Nestled in the mountainous Cusco Region of Peru, the 15th century ruins of Machu Picchu are thought to be an estate built for a powerful Inca emperor. Machu Picchu was declared a World Heritage Site in the early 1980s, and is revered as one of the great modern wonders of the world.
As tourist attractions go, Machu Picchu is not one for the feint-hearted, particularly if you don't enjoy heights! Despite its relative inaccessibility, it does still attract large numbers of visitors, with trains and buses doing most of the leg-work for the majority of visitors.

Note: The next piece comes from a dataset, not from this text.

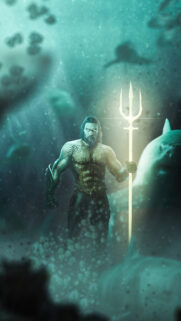 Aquaman Glowing Trident Underwater Warrior Phone Wallpaper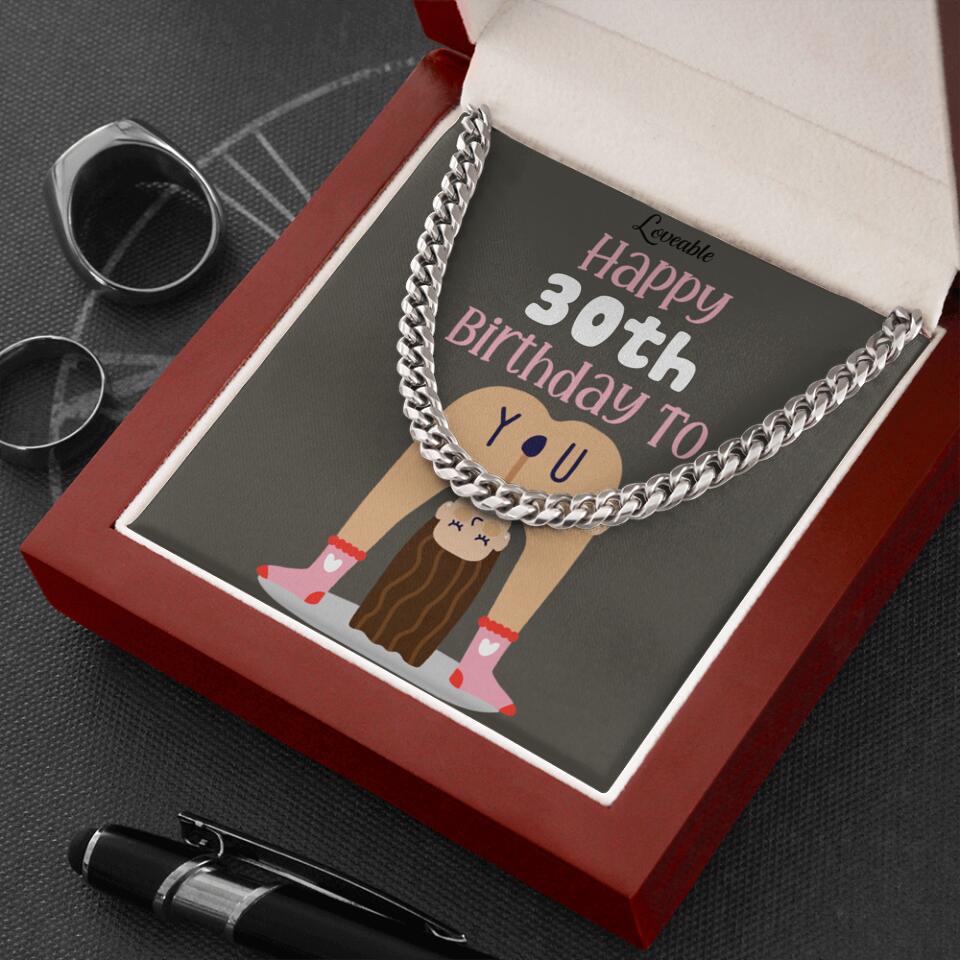 Happy 30th Birthday To You - Personalized Necklace With Message Card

Those who are able may prefer the hike along the Inca trail, which is a fantastic opportunity to enjoy the rich variety of flora and fauna in the region. Involving either a two-day or four-day hike, depending on the starting point, you will need to rough it a little, sleeping in tents and walking several hours at a time.
The Inca trail is controlled and maintained by the Peruvian government, so you will be joining an organised tour on your epic trek, but the rewards are more than worth it.
Where is it?
High in the Andes mountain range, 2,430ft above sea level, Machu Picchu is in the Cusco Region of Peru, situated on a mountain ridge overlooking the Urubamba Valley.
What is it?
The ruins of an Inca estate that was never found, and therefore never ransacked by the Spanish conquistadors, making it a very special and unique insight into the lives of the Inca people.
Best time to visit?
The rainy season is between November and March, at which time the Inca trail is closed, but you can still visit by other means and it is quieter than in the dry season. Get there as early as possible to enjoy Machu Picchu with fewer tourists.
Arriving on foot along the Inca trail your first sight of Machu Picchu will be through the Sun Gate, where you may be lucky enough to catch the first rays of the sun rising above the stunning views across the Andes.